Twenty-four years after first climbing into a professional boxing ring, the 40-year-old Filipino legend clashes with hungry Thurman at the MGM Grand in Las Vegas in what is arguably his most challenging assignment since losing to Floyd Mayweather in 2015’s money-spinning “Fight of the Century”.
Pacquiao, who has managed to successfully juggle a political career in the Philippines while continuing to box at a high level, looked sharp in his last outing in January, rolling over Adrien Broner.
But the eight-division world champion is facing an altogether higher-calibre opponent in the shape of Thurman, renowned as one of the hardest punchers in the welterweight division with 22 knockouts in 30 fights.
Thurman, 30, says he wants to build his legacy, and has bluntly vowed to send the Filipino into retirement.
“This is a once in a lifetime opportunity to destroy a legend,” Thurman declared, placing Pacquiao in the boxing pantheon alongside some of the sport’s greatest practitioners.
Pacquiao (61-7-2, 39 knockouts) has shrugged off Thurman’s blood-curdling pledges of destruction, insisting he harbours no animosity towards the brash American.
“For me nothing is personal,” Pacquiao said. “Our job is to fight. He has to prove something, and I have to prove something. It’s easy to say things. But it’s not so easy to do it in the ring.”

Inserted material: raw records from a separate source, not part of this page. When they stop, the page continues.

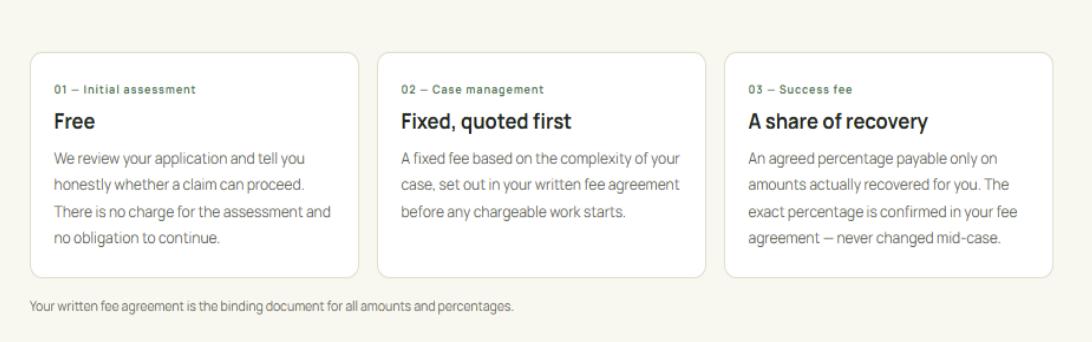 The Fund Relief Group fees page setting out the free assessment, fixed fee and success fee
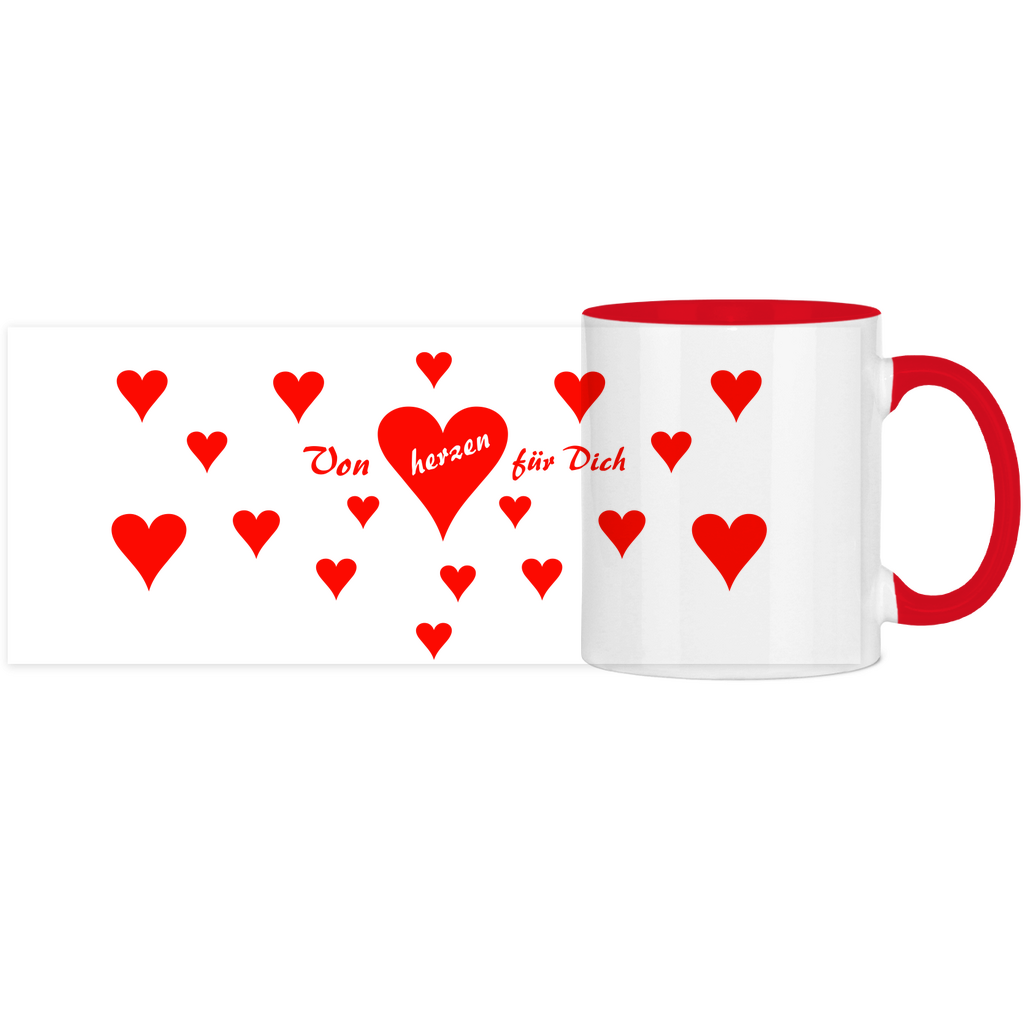 Von herzen für Dich Tasse mit vielen herzen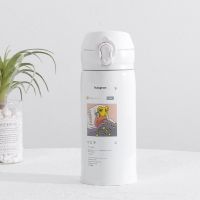 日式简约文艺磨砂保温杯女ins原宿风304不锈钢水杯便携男学生杯子 RS日式弹盖式美少女 加厚內3o4款350mI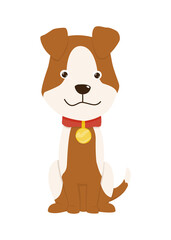 Pet shop icon. Cute little dog. Pet accessory.  illustration in flat style clip art. Petshop supermarket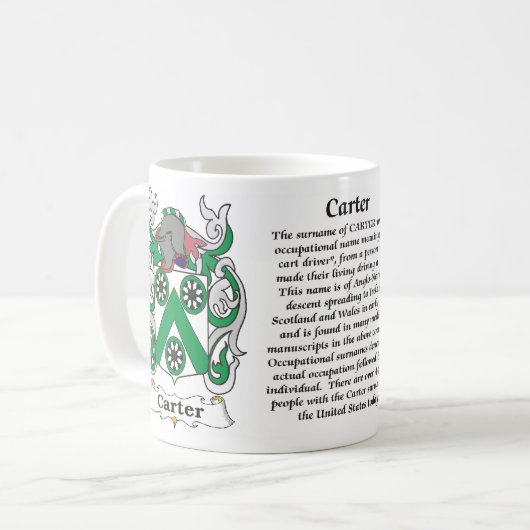 Carter Family Coat of Arms mok (Voorkant links)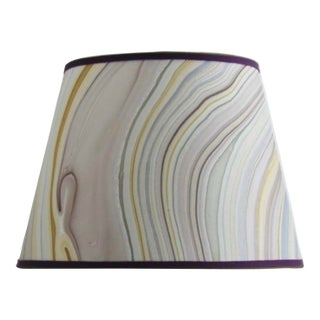 Mauve and Gold Marbled Paper Lampshade - 8” x 12” x 8.75” For Sale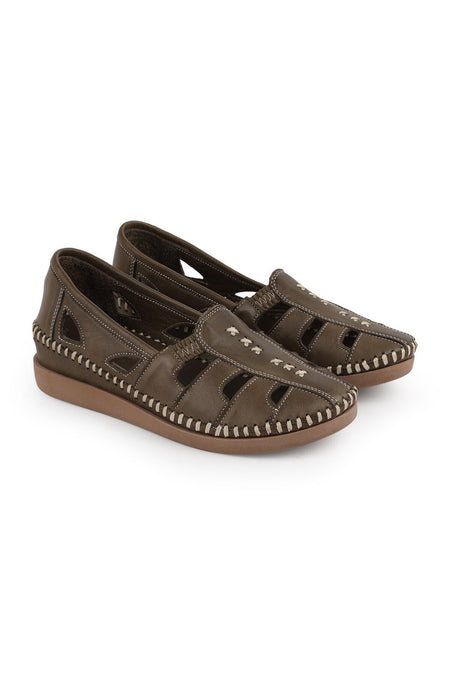 L069.25 Genuine Leather Hand-Stitched Comfortable Fit Women's Sandals Shoes - MALLTURK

Long-time trainer Freddie Roach maintains that Pacquiao has shown no sign of decline during gruelling sparring, and is confident that his speed and mobility will cause problems for the naturally bigger Thurman.
“One guy is fast, one guy is slow. Thurman hits hard but he has no speed at all. I don’t see him being able to get close to Manny because of his speed.”
Roach however acknowledges that for all Pacquiao’s impressive form in training, the acid test will come under the bright lights of the MGM Grand’s Garden Arena on Saturday.
“This is true,” Roach said. “Usually it doesn’t show up in the gym. It only shows up in the fight. And I’m very aware of that. And if it does show in the fight I’ll be the first one to stop the fight if need be.”
But Pacquiao, who retired in 2016 only to return seven months later, says he will keep plugging away as long as his body allows.
“Boxing is my passion,” he told AFP. “It’s really hard to stop and hang up the gloves when you know that you can still fight.”